Supplied data -
________________

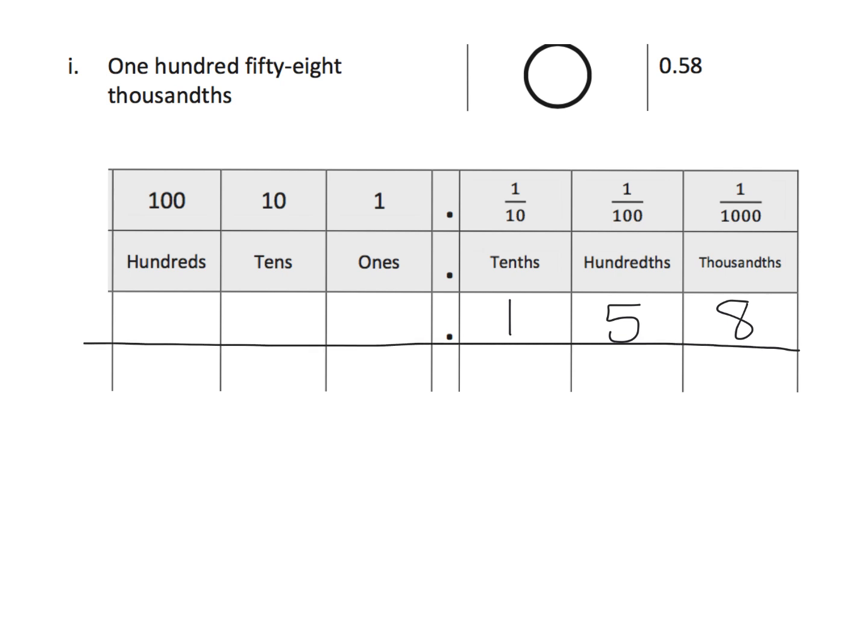And if we want, we can put a leading zero there. We don't have to, and then the next number, zero point five eight. So, teachers,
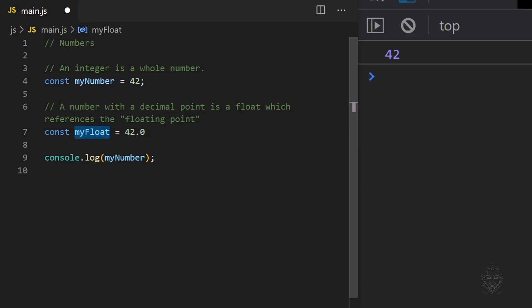As you can see, JavaScript will omit the zeros after the decimal if there is no further value. However, JavaScript will show all decimals if a value is present.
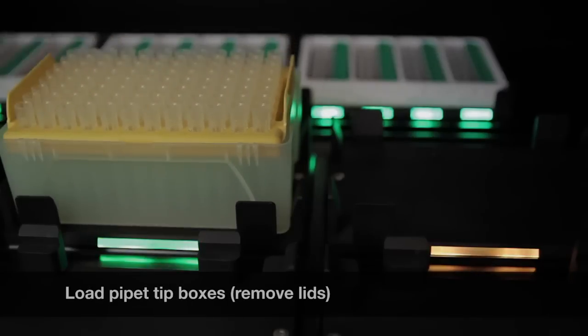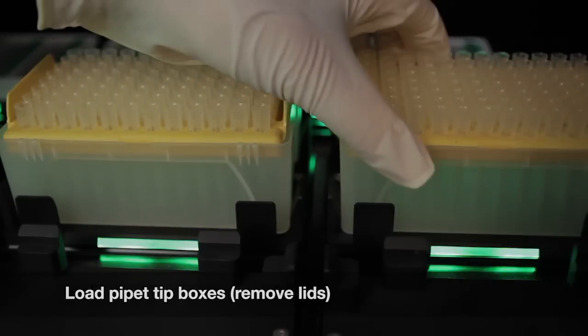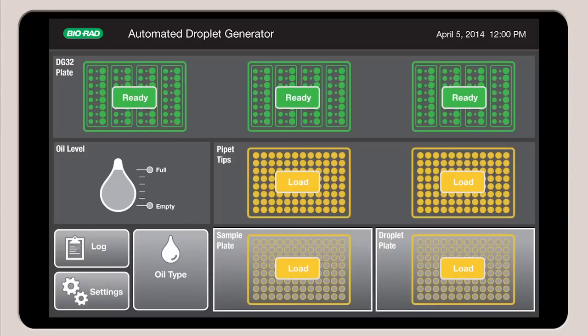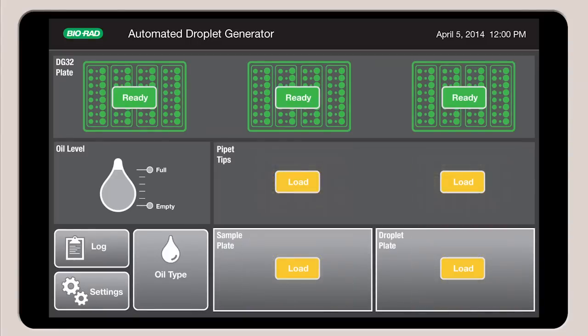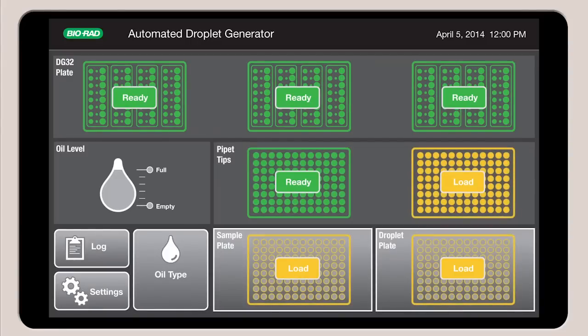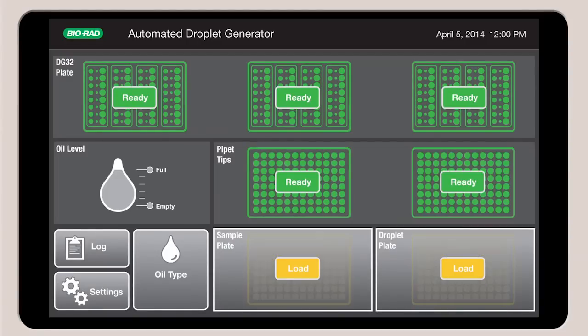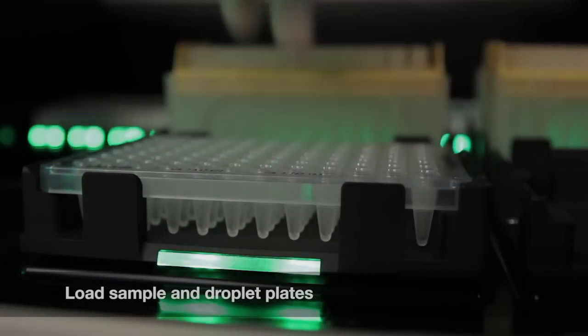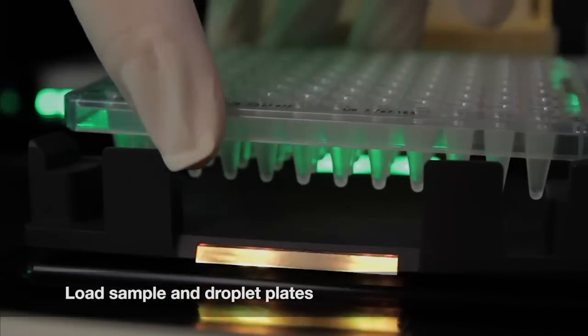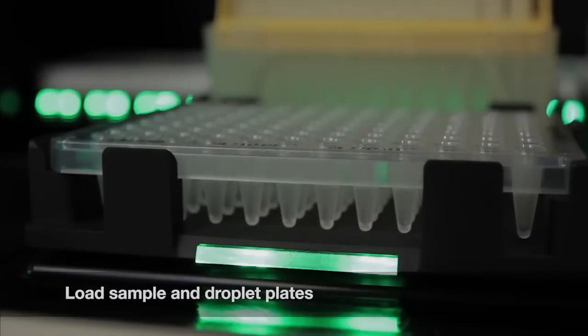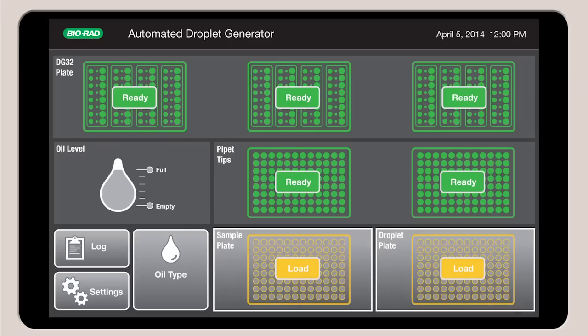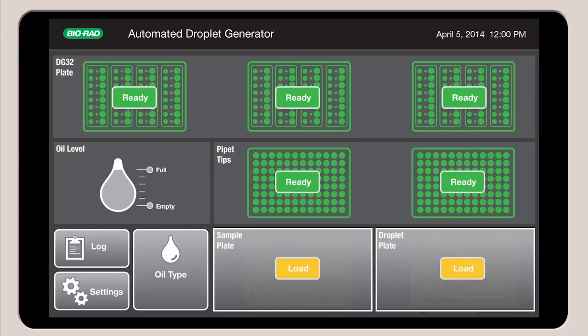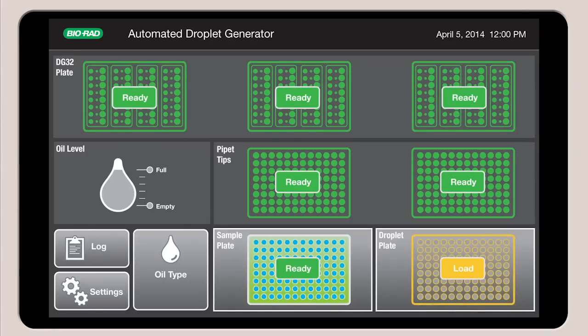Load the pipette tip boxes. Then load the sample plate containing the PCR reaction mix and place a new PCR plate into the droplet plate holder.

________________

Work request - Apart from the images, every line above is to be given again exactly.

Final answer -
And if we want, we can put a leading zero there. We don't have to, and then the next number, zero point five eight. So, teachers,
As you can see, JavaScript will omit the zeros after the decimal if there is no further value. However, JavaScript will show all decimals if a value is present.
Load the pipette tip boxes. Then load the sample plate containing the PCR reaction mix and place a new PCR plate into the droplet plate holder.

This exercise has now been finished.